## Exercise description
For every entry below, give an exact repeat and leave out the pictures.

## Collected data entries
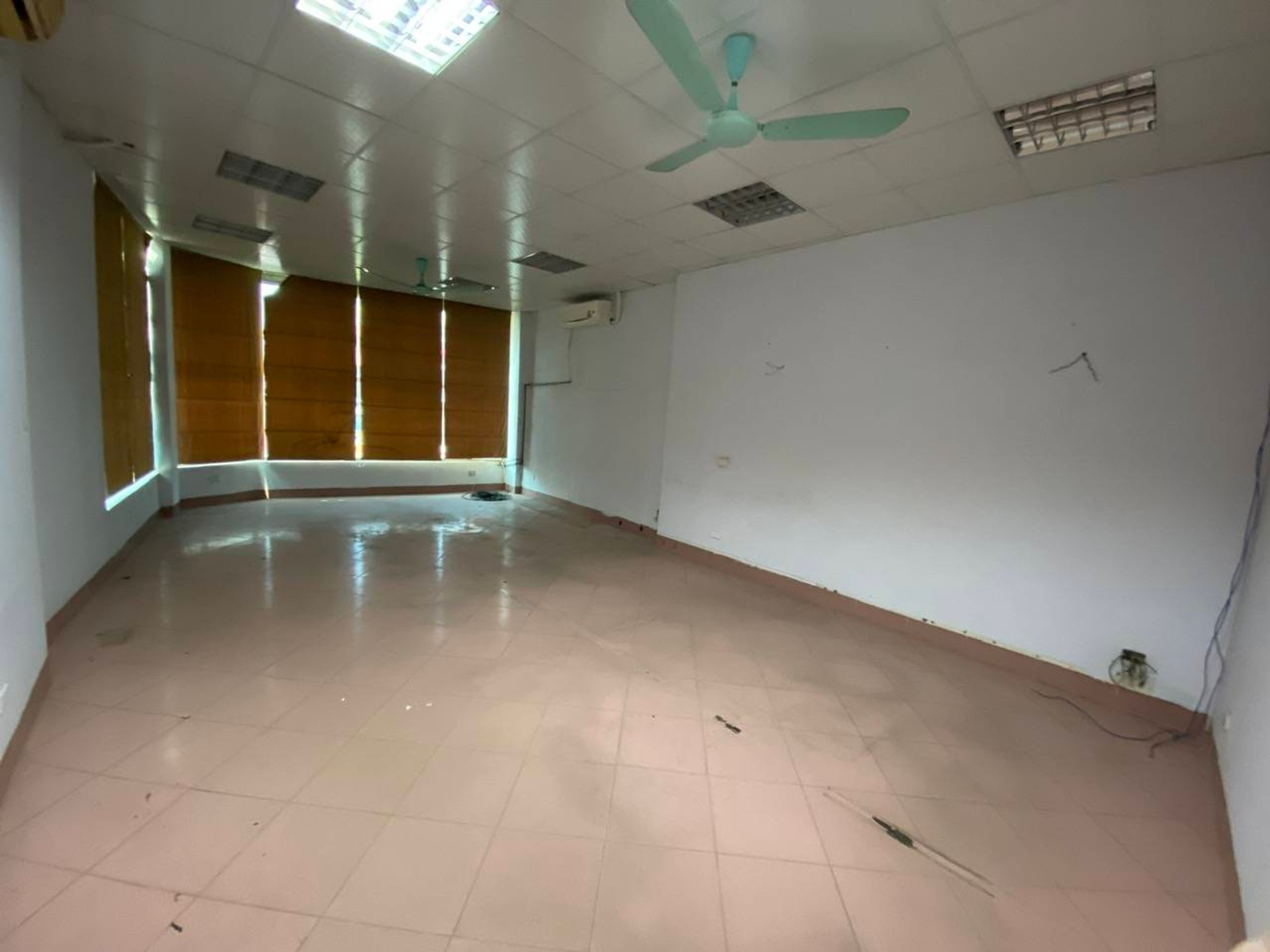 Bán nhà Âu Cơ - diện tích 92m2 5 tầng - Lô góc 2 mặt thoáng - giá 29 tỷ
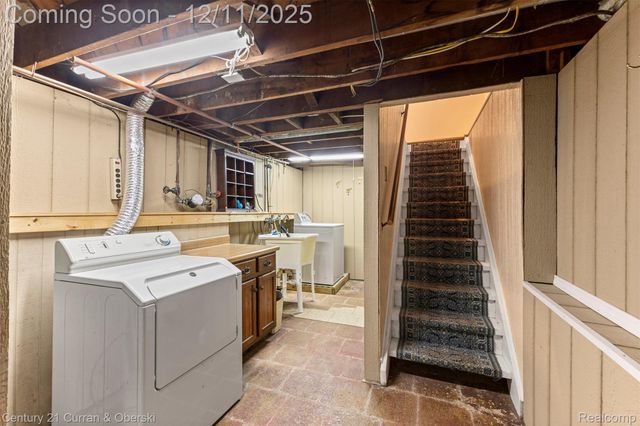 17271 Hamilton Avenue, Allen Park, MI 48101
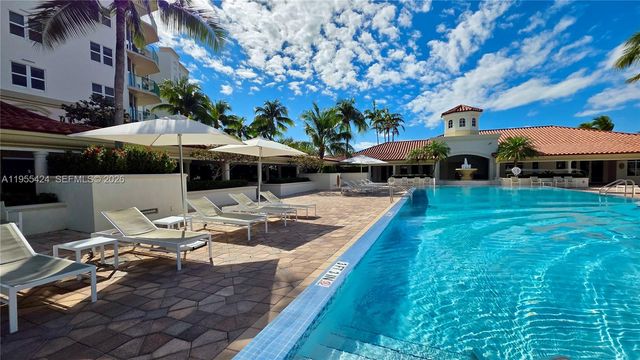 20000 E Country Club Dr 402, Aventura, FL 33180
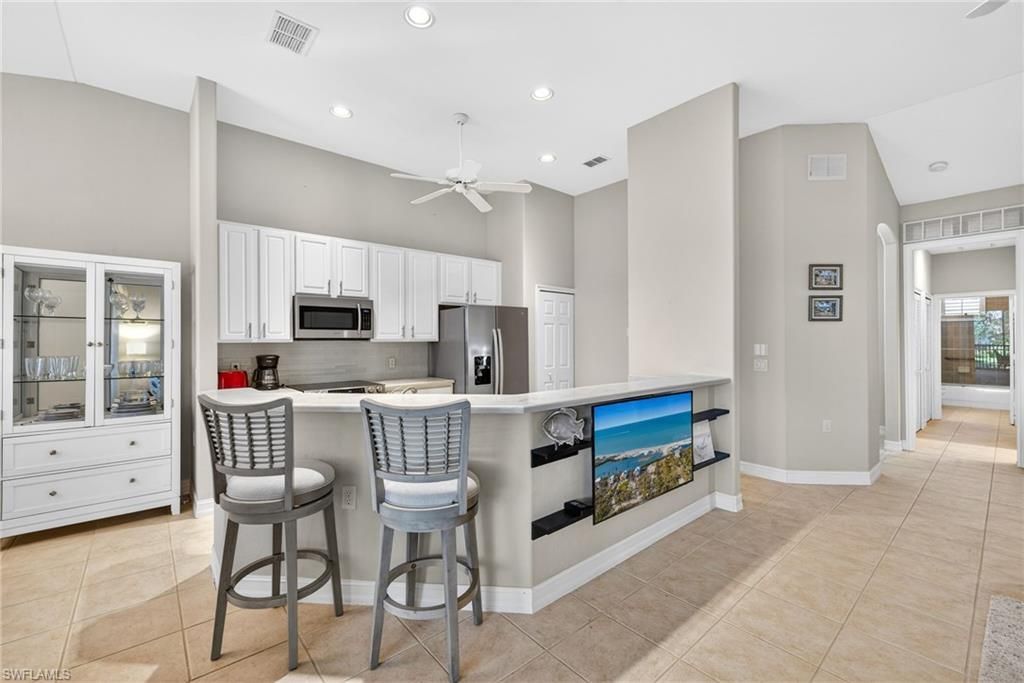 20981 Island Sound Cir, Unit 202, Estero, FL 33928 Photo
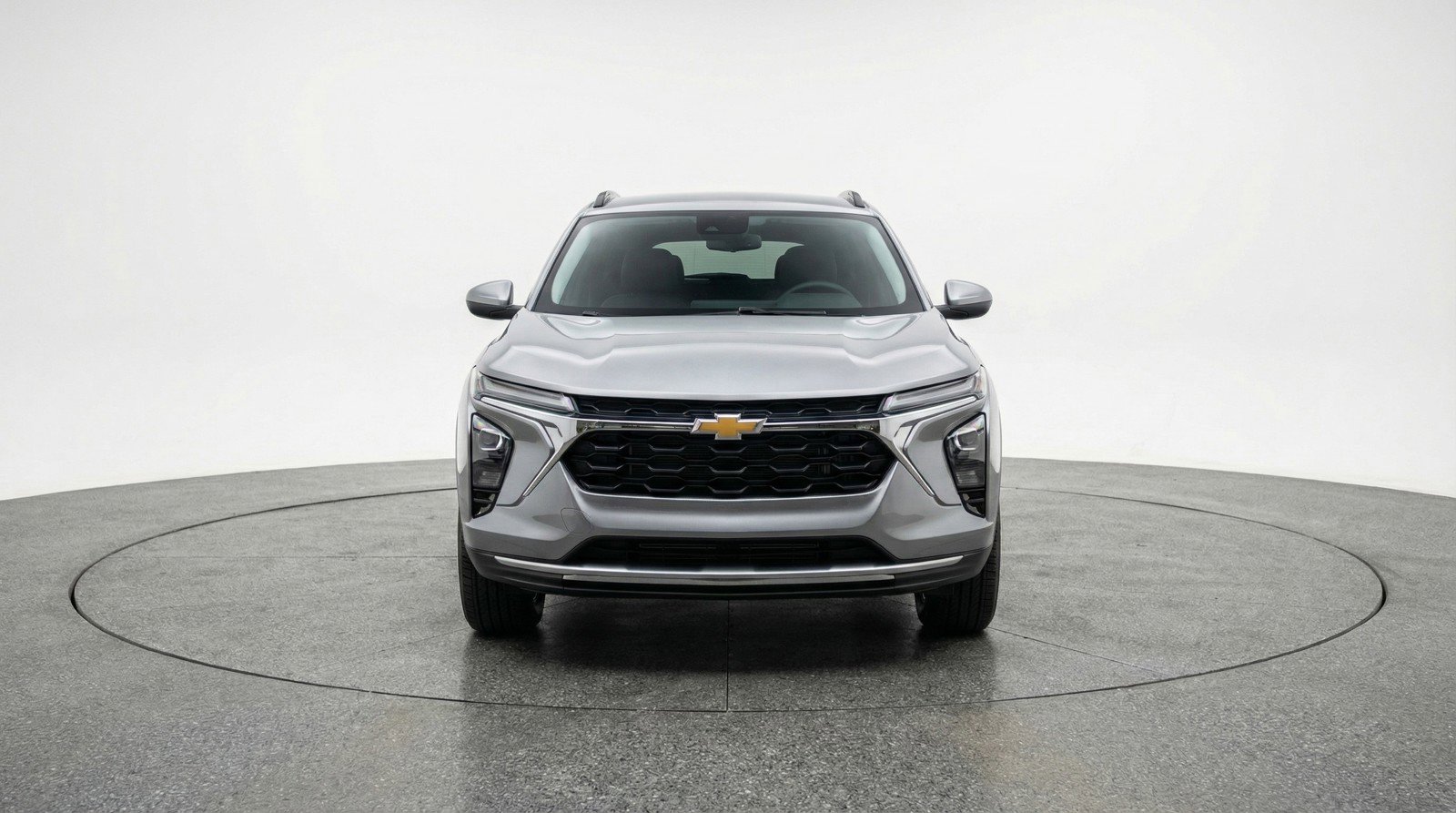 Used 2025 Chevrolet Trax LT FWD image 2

## Task output
 Bán nhà Âu Cơ - diện tích 92m2 5 tầng - Lô góc 2 mặt thoáng - giá 29 tỷ
 17271 Hamilton Avenue, Allen Park, MI 48101
 20000 E Country Club Dr 402, Aventura, FL 33180
 20981 Island Sound Cir, Unit 202, Estero, FL 33928 Photo
 Used 2025 Chevrolet Trax LT FWD image 2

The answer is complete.